Plato’s Eternity……. Love in the Aegean Sea……

October 16th, 2006 by shiauleedainnocentwith

Long time ago, I watched a Korean and Taiwan drama called Love of Aegean Sea…… it is always in my mind because I always like Alec Su and Chae Rim, both of them portray a beautiful character and bring it out from their “Xin” (Heart)………..

Love01_2

Love on the Aegean Sea begins with a girl named Xiao Tong (Chae Rim) who is going to Greece for vacation. Instead of going with her cousin, Xiao Tong ends up going with a drunken stranger named Li Yao Xiang (Peter Ho). And when they arrive in Greece, they accidentally split up. Yao Xiang then meets a girl named Yi Qian who helps him to get to his hotel. And Xiao Tong accidentally meets a young man named Lu En Qi (Alec Su) and he gives her a present before he left, which is a bracelet called Plato’s Eternity.

Today I want to share with you all my insight on Alec Su as Lu En Qi and the rest of the story of this Love in Aegean Sea……

The Story……..

The very accomplished and multi-talented Lu En Qi, exactly like a prince charming, actually he is the one that is lock up in his ivory tower, every step of his education is carefully planned and mapped out for him, schooled. All the way till there wasn’t any more to go.

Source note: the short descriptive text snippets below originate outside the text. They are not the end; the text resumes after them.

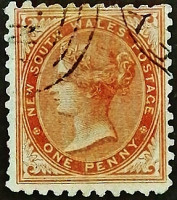 Почтовая марка (1 p.). "Королева Виктория". 1878 год, Новый Южный Уэльс.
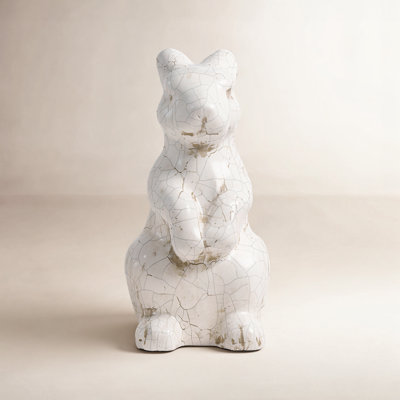 Glazed Standing Rabbit Garden Statue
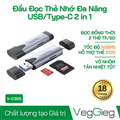 Đầu Đọc Thẻ Nhớ Đa Năng USB/Type-C 2in1 V-C305 Chính Hãng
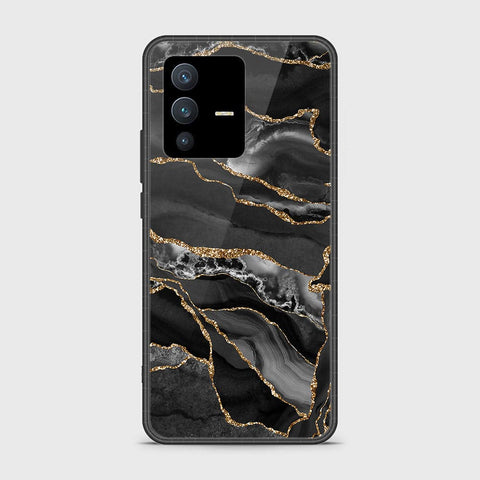 Vivo V23 5G Cover - Black Marble Series - D9 - HQ Ultra Shine Premium Infinity Glass Soft Silicon Borders Case ( Fast Delivery )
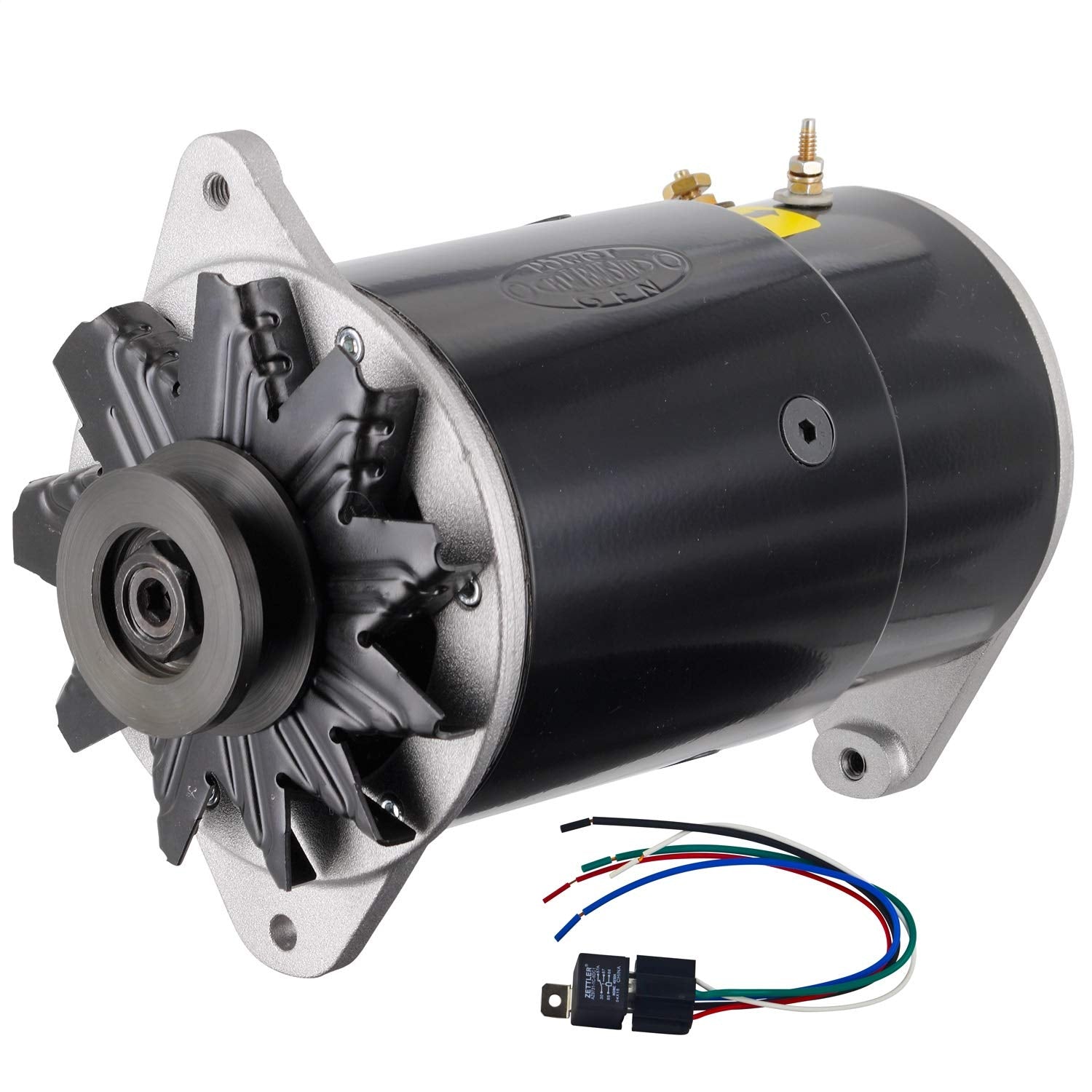 PowerGEN Alternator Powermaster 82051-4 (GM Black Long 90A 12V 1957-'58 Buick "Push to Start" w/Pulley for 3/8" Belt), 1 Pack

Nothing is left for him to choose, including choosing a suitable bride for him. A prince can only marry a princess. He is made to feel a moral obligation to DUTY,

Duty as a son,
Duty to take his place in society.
His position as the rich and powerful

With his impeccable upbringing, his resentment was suppressed. The unspoken resentment simmering deeply in his heart, waiting to release from his heart…….

He learnt to wear a suitable social "mask" or right social occasion.  His circle of friends carefully screened. His instincts finely trained and honed. He was taught not to trust or take people at their words but use his own judgment. He was taught how deal with people and to weigh the situation from a broader perspective. In other words, he was groomed for "greater things".

He learnt that everything was "meant for his good".  The high hopes and expectancy of his mother cannot be undermined in any way. She devoted her life preparing him for this. He cannot fail to disappoint her. It is his duty to live up to her expectations and has yet to fail her.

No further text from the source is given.